DIRECTIONS.
Return the data below exactly, but only from the line containing "1603 Marsh Ln, Unit" through the line containing "Momen Prabowo Bertemu", with both of those lines included.

MATERIAL PROVIDED.
---------------

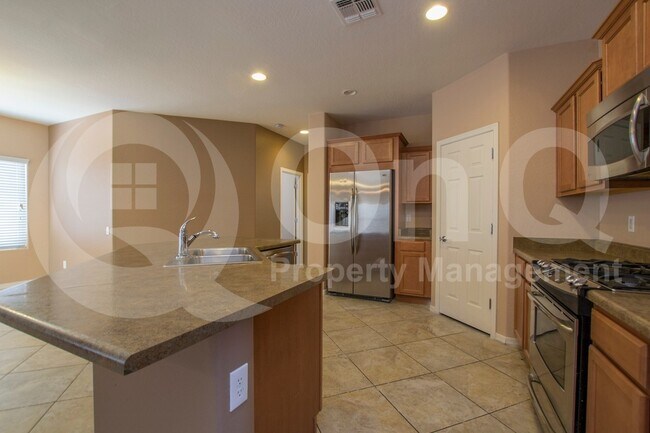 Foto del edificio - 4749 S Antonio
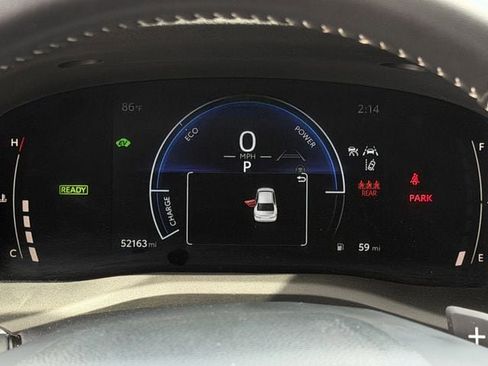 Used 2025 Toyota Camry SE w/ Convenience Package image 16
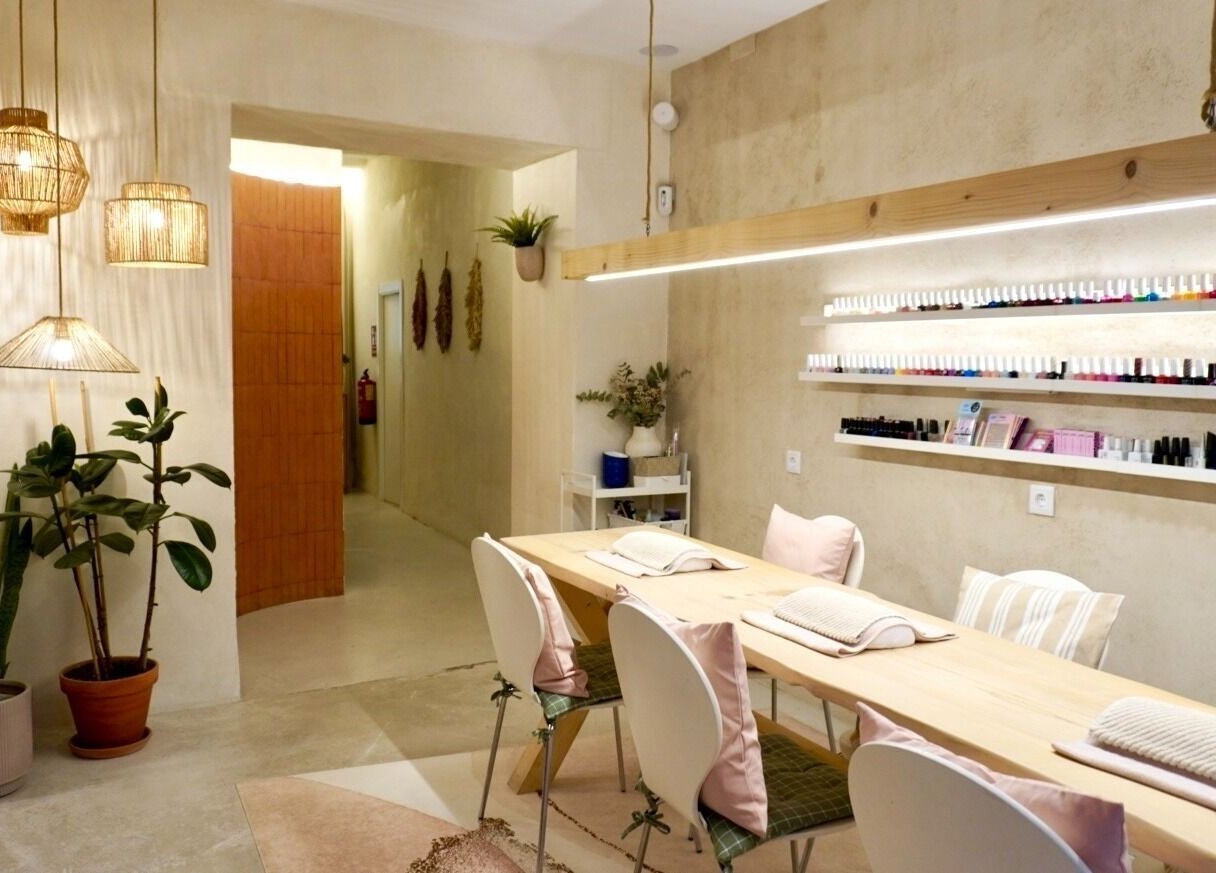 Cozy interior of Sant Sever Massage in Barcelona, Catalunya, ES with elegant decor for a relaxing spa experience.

---------------

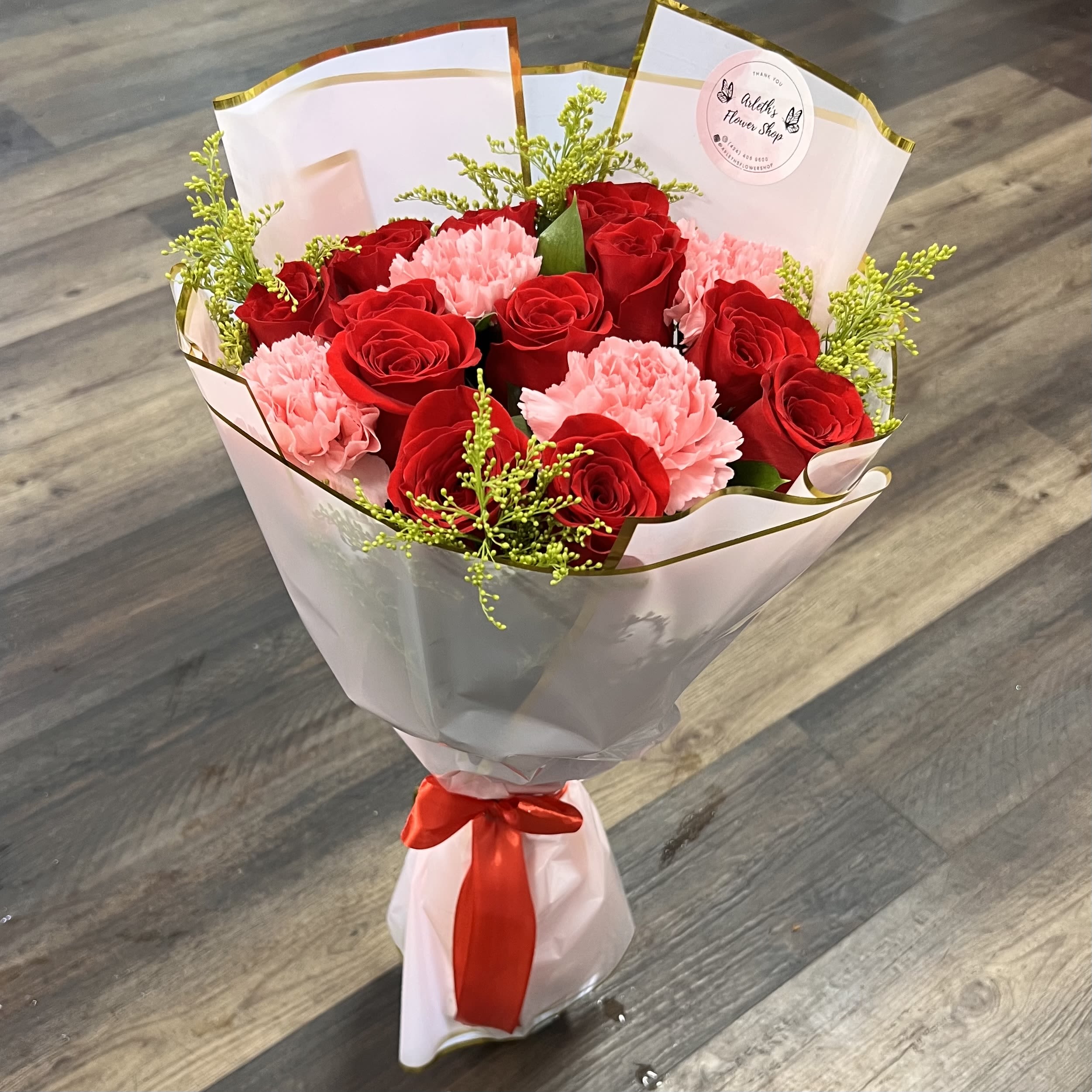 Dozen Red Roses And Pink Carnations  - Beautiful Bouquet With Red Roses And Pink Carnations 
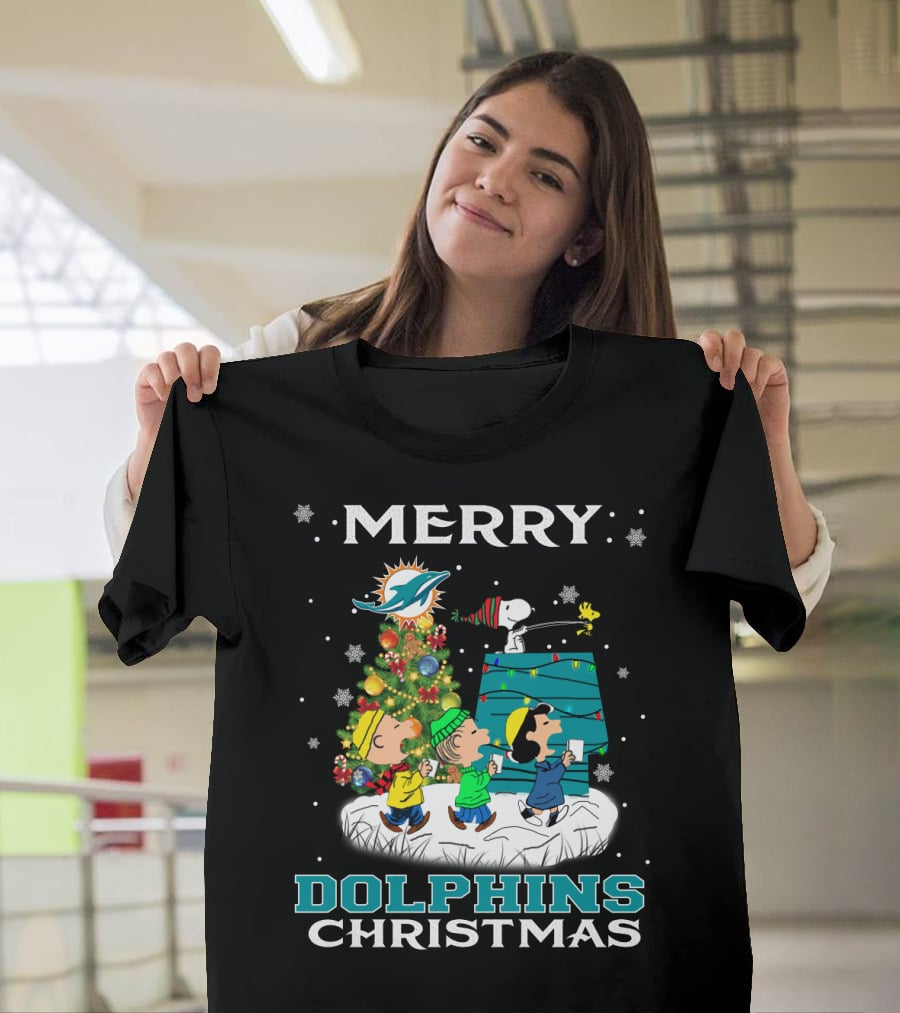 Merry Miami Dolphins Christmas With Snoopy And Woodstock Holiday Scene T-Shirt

---------------

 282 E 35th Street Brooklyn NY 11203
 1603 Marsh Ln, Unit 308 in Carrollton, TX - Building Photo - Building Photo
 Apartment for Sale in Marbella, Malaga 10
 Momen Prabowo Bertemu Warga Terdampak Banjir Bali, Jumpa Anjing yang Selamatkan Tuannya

---------------

ANSWER.
 1603 Marsh Ln, Unit 308 in Carrollton, TX - Building Photo - Building Photo
 Apartment for Sale in Marbella, Malaga 10
 Momen Prabowo Bertemu Warga Terdampak Banjir Bali, Jumpa Anjing yang Selamatkan Tuannya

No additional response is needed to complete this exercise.